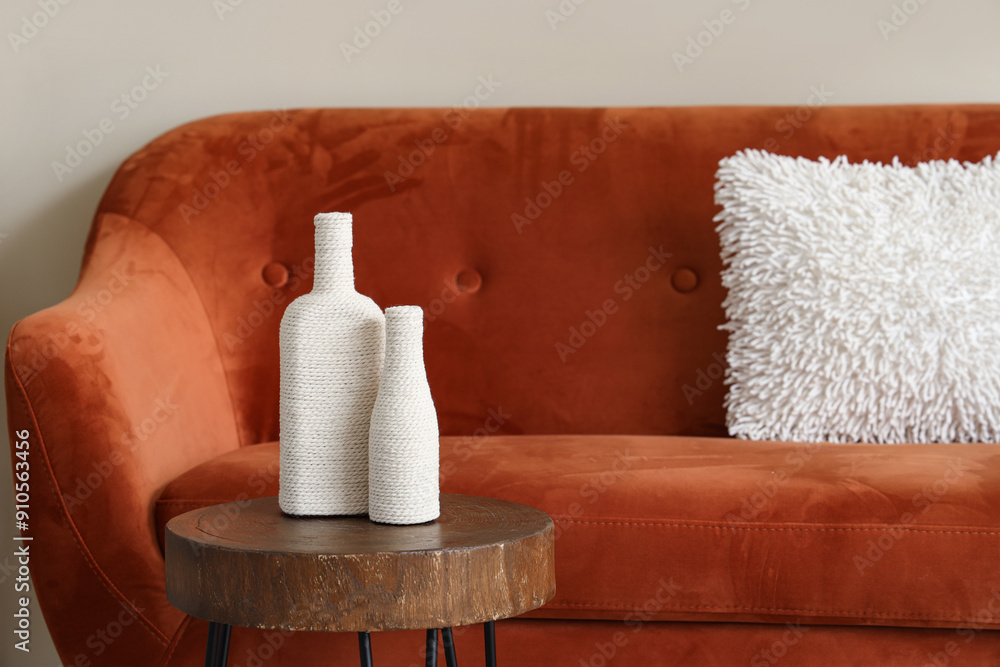 Modern interior of living room with cozy sofa and coffee table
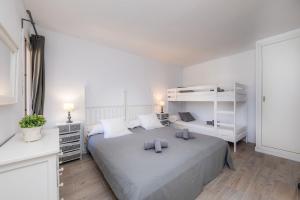 ein weißes Schlafzimmer mit einem großen Bett mit zwei Kissen in der Unterkunft Can Botana 1 in Cala de Sant Vicent + 21 Fotos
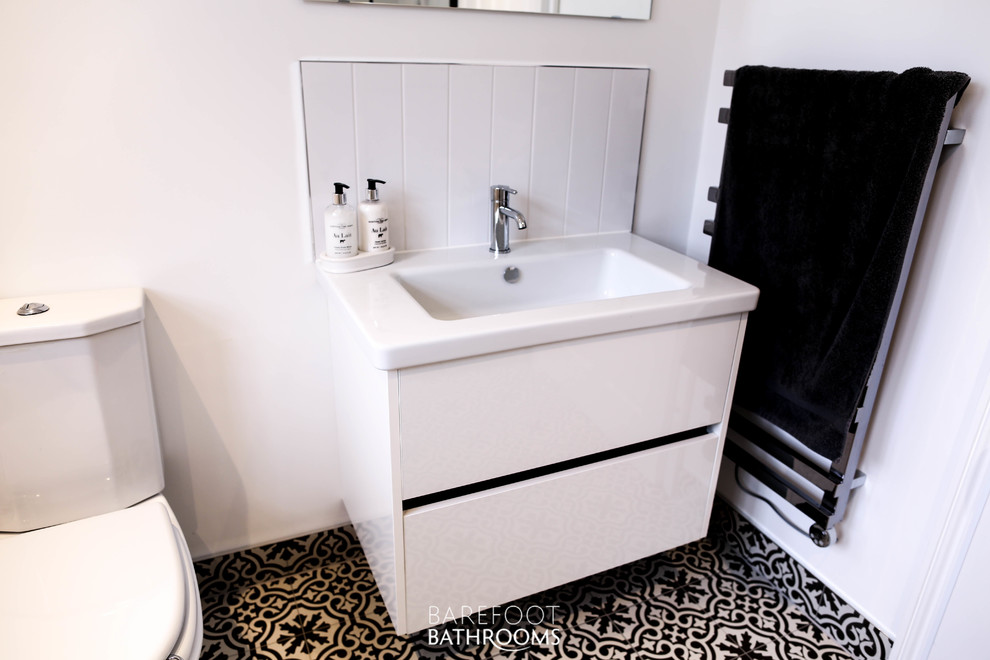Mid-sized traditional 3/4 wet room bathroom in Essex with furniture-like cabinets, white cabinets, a two-piece toilet, white tile, ceramic tile, white walls, ceramic floors, an integrated sink, solid surface benchtops, black floor, an open shower and white benchtops.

····················

WHAT TO DO: The output is the lines from the start of the data above through the line containing "ein weißes Schlafzimmer", unchanged, with any picture left out.

EXERCISE RESULT:
 Modern interior of living room with cozy sofa and coffee table
 ein weißes Schlafzimmer mit einem großen Bett mit zwei Kissen in der Unterkunft Can Botana 1 in Cala de Sant Vicent + 21 Fotos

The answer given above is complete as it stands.